OK. Step one, the nanoKEY is not a musical keyboard. It’s a MIDI controller and it’s really playing the MIDI interpreter inside the computer. That’s where the music is coming from – that’s the musical instrument, not the keys you’re pressing
And it’s at that exact point where it gets magic. Typically, with a microphone or “real” musical keyboard you can’t overdub by plugging your headphones into the computer. You can always hear the old tracks just fine, but you will never be able to hear the live performance without echo and delays – machine latency.
That’s why when we wrote the overdubbing tutorial, we posted three different special hardware devices which will let you listen to everything all the time. Theatrically correct overdubbing. Without the devices, you will always have some musical piece missing.
Now about you. Since the actual music is coming from a chip set on the sound card, theory has it that there should be no delay – the music doesn’t have to enter the computer, it’s already there. But I didn’t test that and I have no idea how I would check it. It obviously doesn’t work or you wouldn’t be posting.
Normal sound pathways make my head hurt and I can’t imagine the pathways you have.

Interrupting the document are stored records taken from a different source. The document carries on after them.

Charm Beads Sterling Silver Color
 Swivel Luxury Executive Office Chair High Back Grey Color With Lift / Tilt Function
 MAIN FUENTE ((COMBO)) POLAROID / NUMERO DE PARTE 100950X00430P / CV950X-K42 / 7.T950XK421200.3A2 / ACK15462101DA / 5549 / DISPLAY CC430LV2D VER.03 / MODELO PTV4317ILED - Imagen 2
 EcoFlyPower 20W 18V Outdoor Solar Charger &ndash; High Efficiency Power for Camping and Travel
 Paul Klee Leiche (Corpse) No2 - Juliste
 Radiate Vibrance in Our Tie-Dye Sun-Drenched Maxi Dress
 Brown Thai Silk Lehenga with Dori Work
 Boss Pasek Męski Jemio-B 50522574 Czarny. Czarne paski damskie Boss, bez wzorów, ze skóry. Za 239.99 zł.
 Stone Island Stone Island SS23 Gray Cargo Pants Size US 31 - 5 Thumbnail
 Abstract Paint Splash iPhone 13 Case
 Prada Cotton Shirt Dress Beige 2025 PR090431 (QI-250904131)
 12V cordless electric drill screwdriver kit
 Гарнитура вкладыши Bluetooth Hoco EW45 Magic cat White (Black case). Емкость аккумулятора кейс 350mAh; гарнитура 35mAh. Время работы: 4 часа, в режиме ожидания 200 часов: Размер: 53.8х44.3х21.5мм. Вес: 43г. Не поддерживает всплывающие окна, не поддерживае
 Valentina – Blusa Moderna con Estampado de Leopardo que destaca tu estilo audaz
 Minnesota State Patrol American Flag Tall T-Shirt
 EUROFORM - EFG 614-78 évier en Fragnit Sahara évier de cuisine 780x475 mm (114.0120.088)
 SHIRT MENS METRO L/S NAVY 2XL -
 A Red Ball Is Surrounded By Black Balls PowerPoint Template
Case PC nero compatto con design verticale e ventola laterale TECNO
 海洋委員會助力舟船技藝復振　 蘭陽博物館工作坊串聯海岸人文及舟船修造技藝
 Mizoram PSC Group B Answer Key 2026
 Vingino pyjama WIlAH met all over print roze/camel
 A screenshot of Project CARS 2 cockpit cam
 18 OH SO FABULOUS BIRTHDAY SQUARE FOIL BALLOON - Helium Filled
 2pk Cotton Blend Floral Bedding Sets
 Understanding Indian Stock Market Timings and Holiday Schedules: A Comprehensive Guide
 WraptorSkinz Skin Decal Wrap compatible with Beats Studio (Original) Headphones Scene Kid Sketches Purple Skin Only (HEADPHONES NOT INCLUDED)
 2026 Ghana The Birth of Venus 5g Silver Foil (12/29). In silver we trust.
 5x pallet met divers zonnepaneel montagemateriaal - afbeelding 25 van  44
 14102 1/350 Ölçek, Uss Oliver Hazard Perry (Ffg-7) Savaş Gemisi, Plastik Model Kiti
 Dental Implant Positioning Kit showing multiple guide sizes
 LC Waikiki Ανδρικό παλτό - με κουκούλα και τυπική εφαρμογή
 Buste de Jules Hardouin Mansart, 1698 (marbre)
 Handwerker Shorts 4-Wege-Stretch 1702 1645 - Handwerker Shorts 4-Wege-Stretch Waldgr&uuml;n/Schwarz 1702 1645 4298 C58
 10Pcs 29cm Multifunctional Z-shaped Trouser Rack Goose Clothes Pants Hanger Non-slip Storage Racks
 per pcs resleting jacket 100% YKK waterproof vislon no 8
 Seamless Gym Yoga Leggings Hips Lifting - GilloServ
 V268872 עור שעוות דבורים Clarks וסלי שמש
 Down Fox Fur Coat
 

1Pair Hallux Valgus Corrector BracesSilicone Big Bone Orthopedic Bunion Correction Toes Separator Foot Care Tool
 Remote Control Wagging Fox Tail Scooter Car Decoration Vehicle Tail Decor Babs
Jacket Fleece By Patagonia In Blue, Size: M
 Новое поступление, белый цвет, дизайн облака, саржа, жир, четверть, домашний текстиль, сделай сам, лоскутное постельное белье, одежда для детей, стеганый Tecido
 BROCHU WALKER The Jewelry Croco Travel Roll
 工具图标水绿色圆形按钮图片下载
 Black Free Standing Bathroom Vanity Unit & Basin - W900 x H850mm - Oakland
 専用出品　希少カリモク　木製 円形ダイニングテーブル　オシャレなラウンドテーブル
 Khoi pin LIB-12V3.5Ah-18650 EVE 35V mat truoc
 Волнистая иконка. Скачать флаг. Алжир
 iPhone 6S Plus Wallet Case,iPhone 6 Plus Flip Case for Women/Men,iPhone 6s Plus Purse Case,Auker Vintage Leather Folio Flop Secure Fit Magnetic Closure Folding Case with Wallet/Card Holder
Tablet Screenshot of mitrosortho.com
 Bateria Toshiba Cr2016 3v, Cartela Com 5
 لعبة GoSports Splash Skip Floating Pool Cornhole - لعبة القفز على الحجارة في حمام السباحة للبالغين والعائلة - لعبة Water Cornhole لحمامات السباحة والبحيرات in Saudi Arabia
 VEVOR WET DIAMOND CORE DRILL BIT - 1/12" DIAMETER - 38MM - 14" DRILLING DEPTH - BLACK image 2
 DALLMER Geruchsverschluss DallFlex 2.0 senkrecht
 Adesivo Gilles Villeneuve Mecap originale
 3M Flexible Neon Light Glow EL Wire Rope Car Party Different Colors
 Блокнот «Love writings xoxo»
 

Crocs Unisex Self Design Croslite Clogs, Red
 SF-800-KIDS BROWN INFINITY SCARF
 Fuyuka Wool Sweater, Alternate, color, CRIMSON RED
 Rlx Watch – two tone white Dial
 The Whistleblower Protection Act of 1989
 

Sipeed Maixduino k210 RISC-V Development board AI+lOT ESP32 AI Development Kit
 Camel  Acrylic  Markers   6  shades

So we’re going to wait for one of the Windows elves to help.
Koz
Yes, I sensed that the delay that I hear is because of machine latency and I’ve successfully worked around that by sheer force and re-positioning the lagging overdub track. And I do understand the midi concept. Even with this odd obstacle, I’ve done some nice work. Still wish I could hear the overdub in the headphones. Thanks for your
response!
A simple way around the latency/no sound in headphones is to export your track that you want to overdub as an mp3. Set up Audacity to simply record a single stereo track of keyboard or voice while listening to the mp3 on another device. Then drop that single track into your project you want to overdub and adjust the position of the waveform. It is primitive, however it works!
There are two latencies. Recording Latency is where you have to slide your playback file around so it matches your voice when you play them both back later. That one’s a slider inside Audacity and we provide instructions how to do that.
“Tap a pencil in time to the playback drum track and them measure the difference between the two times…”
That’s one way. There are several. You’re doing that adjustment the long complicated way. There are internal tools to correct that.
I don’t think anything you did will affect the computer sending your own voice back to you in real time. That’s machine latency and that’s burned into the hardware and can’t be changed except by special, purpose-built software (ASIO).
If you don’t care that your own voice doesn’t come back to you in the mix during the performance, then none of this matters. Most performers like their voice coming back – a correct theatrical mix, some don’t.